I definitely did not have this. If I “had it,” I would have jumped long ago. If I lived in an action movie, I would have jumped not just long ago, but with the grace of a cat. In fact, if I were a cat…
I heard shots from the ground to the left, and turned my head in that direction. I saw nothing there, so I started to do a three-hundred-sixty degree survey of my surroundings.
That was when I saw one of my enemy teammates walking the flat spot on the roof not too far behind me.
Apparently, he had been creeping and neither Wesley nor I had noticed.
In fact, Wesley and I were the only two on our team still in.
I guess I can take partial credit for that, seeing as I was so hesitant to jump, right?
To make matters worse, at that moment Wesley decided to fall and severely roll his ankle. Apparently he was standing on a bench and then fell, well, off of the bench.
One moment, he was fine, shooting off into the who-knows-where.
Next moment, he was not.
When I turned back to him, Wesley was just lying there, groaning in pain.
“Are you good, Wesley?” I called to him.
“Not really,” he grunted.
Well, at least he wasn’t in danger of being shot down there under good cover. Which is why I should have jumped to the balcony in the first place.
I turned back to the enemy (Dakota) and shouted up to him: “Can you just shoot me and get it over with?”
Dakota grinned and started towards me.

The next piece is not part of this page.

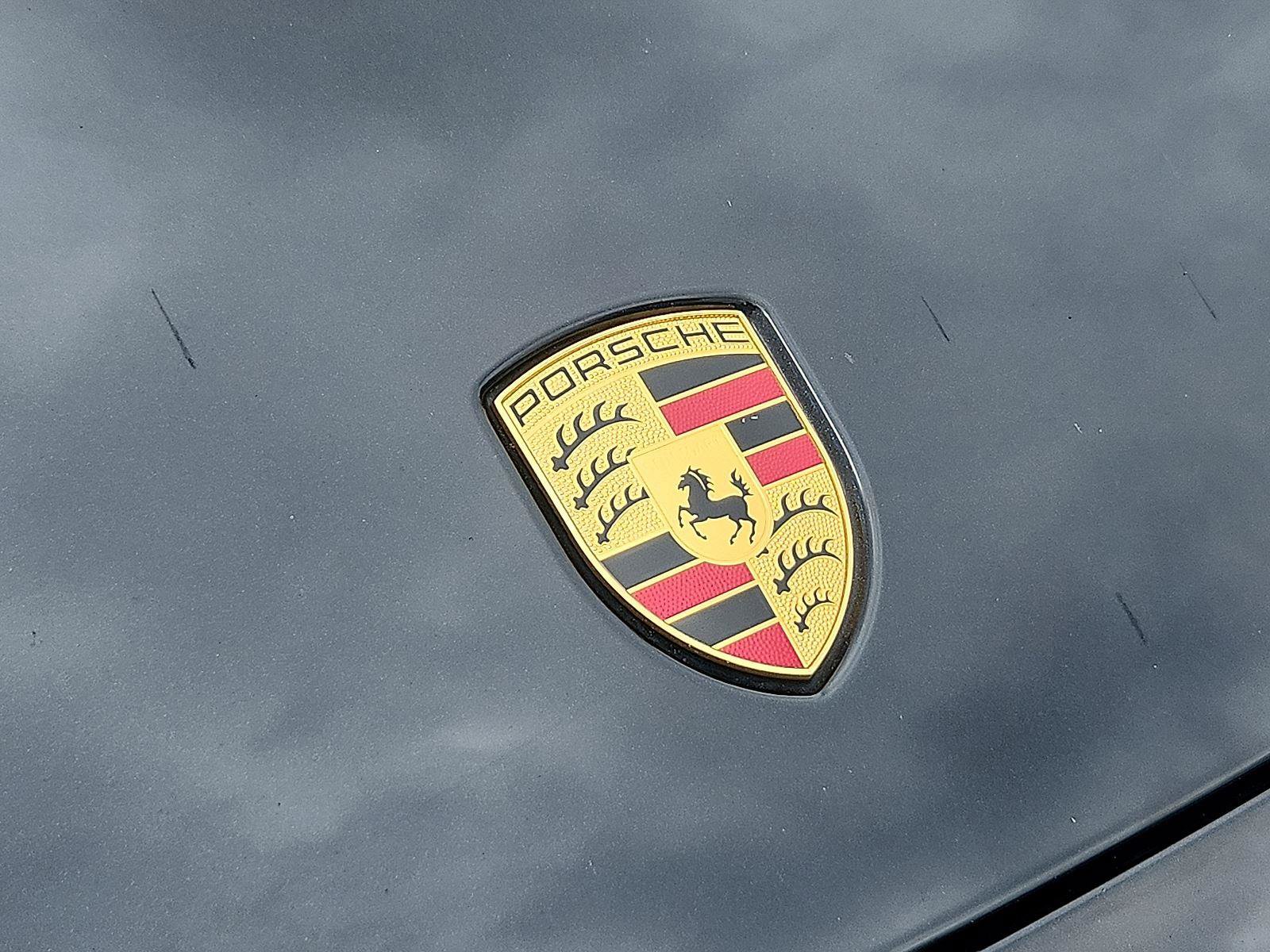 Used 2020 Porsche Cayenne Turbo image 32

At the same time, another of my enemies began to shoot at me from another side of the roof.
This revived my fighting spirits and I got low and began to shoot back at him.
Dakota retreated.
Did I mention that I’m a terrible shot?
Needless to say, between the threatening presence of Dakota behind me, the sniper gunning me down, and my own instability on a roof…I was hit.
Almost relieved, I stood up and took a deep breath. Now that I had been killed and Wesley was out of commission, the airsoft game was practically over.
I had only one problem left to deal with: How was I going to get off of the roof?
You probably don’t want to hear about the whimpering in my voice, the sliding of my shoes against the metal roof, the thumping of my heart, or the amount of coaching that it took for my “enemies” to help me get down off of that roof.
I got down a different way, of course. I never took that jump to the balcony.
Although now, looking back, I kind of wish I had.
Maybe I should go back up there and try it again sometime.
Maybe I should climb all over the roof every day until I am good at it.
Maybe I should conquer my own fears and do The Drop.
Maybe I should…
-- Karis Anne
Bravo Karis!
Entertaining. Relatably unelegant. And readable.
Would recommend to all.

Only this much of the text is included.